Caribbean Passion
Opal Palmer Adisa's muse has always been Jamaica, whether it's the island of her youth, serenely recollected in ""Childhood Landscapes"" or the island today, where ""the smell of the sea / blends with fear,"" as she admits in ""Sky Juice"" (82). In her three previous volumes of poetry, two novels, and short story collections, she's always passionate about her homeland, about the women and men who shaped her life there, about her own sexuality, and, in particular, about Jamaican women.
""What I want to do in my writing,"" she told Kwame Dawes in Talk Yuh Talk, ""is to expose the womanness of myself and the Caribbean women I've always known"" (187). In her latest poetry collection, aptly titled Caribbean Passion, Adisa accomplishes this and more. Short emphatic lines energize her poems, no matter the narrative voice. In ""Moda Young Gal,"" for example, originally published in The Caribbean Writer, Adisa writes as a grandmother, proud and unapologetic about her sexuality:
me will tek all de
tongue waggin
fi wake in de arms
of a young man
and have him plant
sorrel kisses pan me (77)
Adisa becomes the voice of a maroon in ""Run Away Bay"" and paints a disturbingly realistic portrait of the woman: ""me soles caked in yolk / lime juice rubbed / into me armpits"" (15). In ""Spanish Town"" she is the voice of a feisty market woman (""me see and know it all""), so irritated at the goings-on around her that when she hollers at a young girl: ""move out de way! / an mind de crazy motorists / knock yu down"" (99) her fury practically bounces off the page.

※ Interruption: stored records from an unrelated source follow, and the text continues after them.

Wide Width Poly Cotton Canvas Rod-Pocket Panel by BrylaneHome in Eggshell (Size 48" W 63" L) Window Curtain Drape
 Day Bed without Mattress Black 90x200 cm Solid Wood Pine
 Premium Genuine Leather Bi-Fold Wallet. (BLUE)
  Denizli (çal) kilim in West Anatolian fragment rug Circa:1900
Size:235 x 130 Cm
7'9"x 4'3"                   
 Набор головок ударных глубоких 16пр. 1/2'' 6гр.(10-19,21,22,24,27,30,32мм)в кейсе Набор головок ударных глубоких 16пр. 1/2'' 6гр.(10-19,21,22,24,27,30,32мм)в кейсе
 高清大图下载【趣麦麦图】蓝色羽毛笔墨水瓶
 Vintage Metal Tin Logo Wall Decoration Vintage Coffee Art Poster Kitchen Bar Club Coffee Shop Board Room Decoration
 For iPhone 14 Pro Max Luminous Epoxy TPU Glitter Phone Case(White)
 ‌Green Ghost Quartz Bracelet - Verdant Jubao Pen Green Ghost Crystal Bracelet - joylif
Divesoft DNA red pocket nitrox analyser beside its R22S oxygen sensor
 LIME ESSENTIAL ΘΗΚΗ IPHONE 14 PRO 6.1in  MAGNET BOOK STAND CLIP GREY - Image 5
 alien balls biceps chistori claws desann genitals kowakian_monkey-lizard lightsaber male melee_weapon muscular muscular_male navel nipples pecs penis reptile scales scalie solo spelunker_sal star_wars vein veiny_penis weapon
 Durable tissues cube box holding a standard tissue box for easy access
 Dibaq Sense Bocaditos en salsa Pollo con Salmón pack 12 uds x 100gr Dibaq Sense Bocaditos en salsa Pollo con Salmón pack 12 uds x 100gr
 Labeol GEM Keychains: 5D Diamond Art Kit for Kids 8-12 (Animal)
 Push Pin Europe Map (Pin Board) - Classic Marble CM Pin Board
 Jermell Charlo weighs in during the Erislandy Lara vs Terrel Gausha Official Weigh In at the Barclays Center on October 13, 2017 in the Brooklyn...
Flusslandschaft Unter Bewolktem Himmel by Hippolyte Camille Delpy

These are dramatic monologues, written to be performed, and Adisa is a performance poet of the first rank. When she reads ""Boat People"" dedicated to the people of Haiti who ""survive the sea"" she sings out the refrain to Damballa so loud and clear that the god himself must surely hear her. One can imagine her acting the voice of the market woman or the sexy, uninhibited grandmother mentioned earlier.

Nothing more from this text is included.